Elon Musk gets defensive over Tesla autopilot death

Elon Musk

Elon Musk is digging in his heels in defending Tesla’s autopilot feature on its Model S cars. In emails with Fortune Monday, Musk reportedly told a journalist the death of the driver who was using autopilot was not of material importance to Tesla shareholders, and therefore didn’t need to be disclosed sooner, reports inc.com.

The feature is coming under scrutiny after a driver who had activated autopilot on the highway died in a crash in Florida in May. The journalist, decorated financial writer Carol Loomis, was asking the company why it had not disclosed the death to shareholders before a public offering of more than $2 billion in shares, which occurred roughly 10 days after the May 7 crash. Tesla put out a public statement about the crash just last week.

The delay in informing shareholders compounds concerns about the safety of Tesla Model S vehicles and the transparency of Tesla as a company. Even before the crash, some were alarmed by videos posted online of drivers allowing autopilot–sort of a teaser of anticipated full self-driving car technology–to take over the wheel of the car.

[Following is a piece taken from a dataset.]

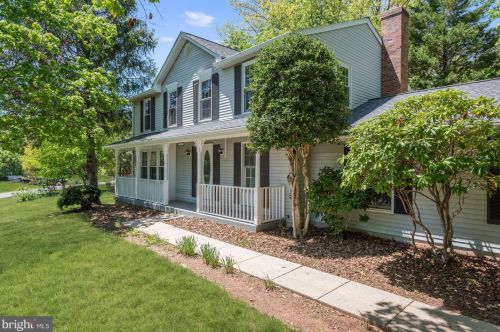 1138 Netherlands Ct, Silver Spring, MD 20905-6039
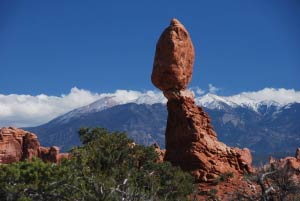 Balanced Rock, La Sal Mountains, Arches, Utah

Witnesses of the Florida crash have reported the Tesla driver who died was watching a film from the Harry Potter series at the time of the accident, a detail that would seem to further bolster perceptions that drivers are placing excessive trust in an untested feature.

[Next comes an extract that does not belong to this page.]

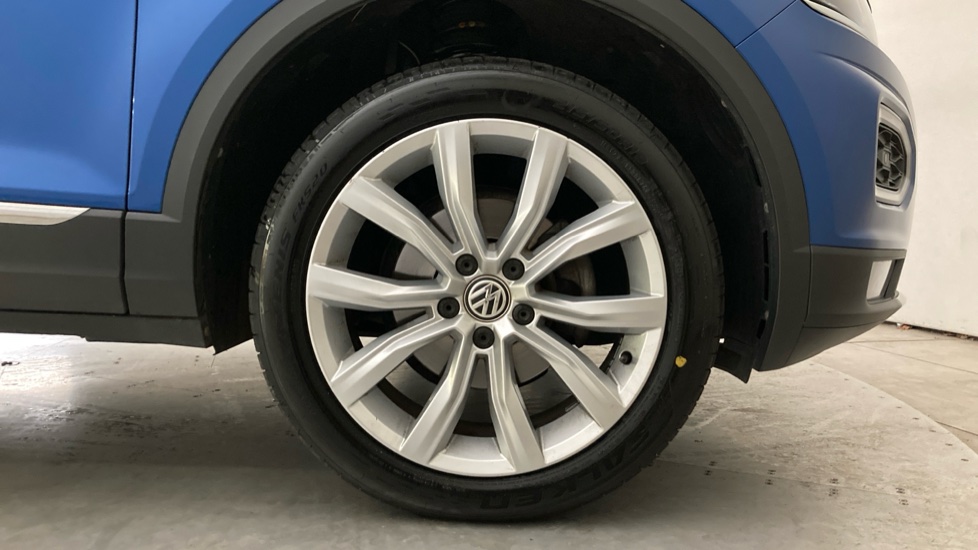 Volkswagen T-Roc 1.5 TSI EVO SEL 5dr DSG Petrol Hatchback - Image 5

Musk told Fortune that the crash “is not material to the value of Tesla” as far as shareholders are concerned.

He was then quoted as saying, “Indeed, if anyone bothered to do the math (obviously, you did not) they would realize that of the over 1M auto deaths per year worldwide, approximately half a million people would have been saved if the Tesla autopilot was universally available. Please, take 5 mins and do the bloody math before you write an article that misleads the public.”

The comments echo a statement published last week to the website for Tesla. “This is the first known fatality in just over 130 million miles where Autopilot was activated. Among all vehicles in the US, there is a fatality every 94 million miles,” the statement reads.

It continues, “As more real-world miles accumulate and the software logic accounts for increasingly rare events, the probability of injury will keep decreasing. Autopilot is getting better all the time, but it is not perfect and still requires the driver to remain alert.”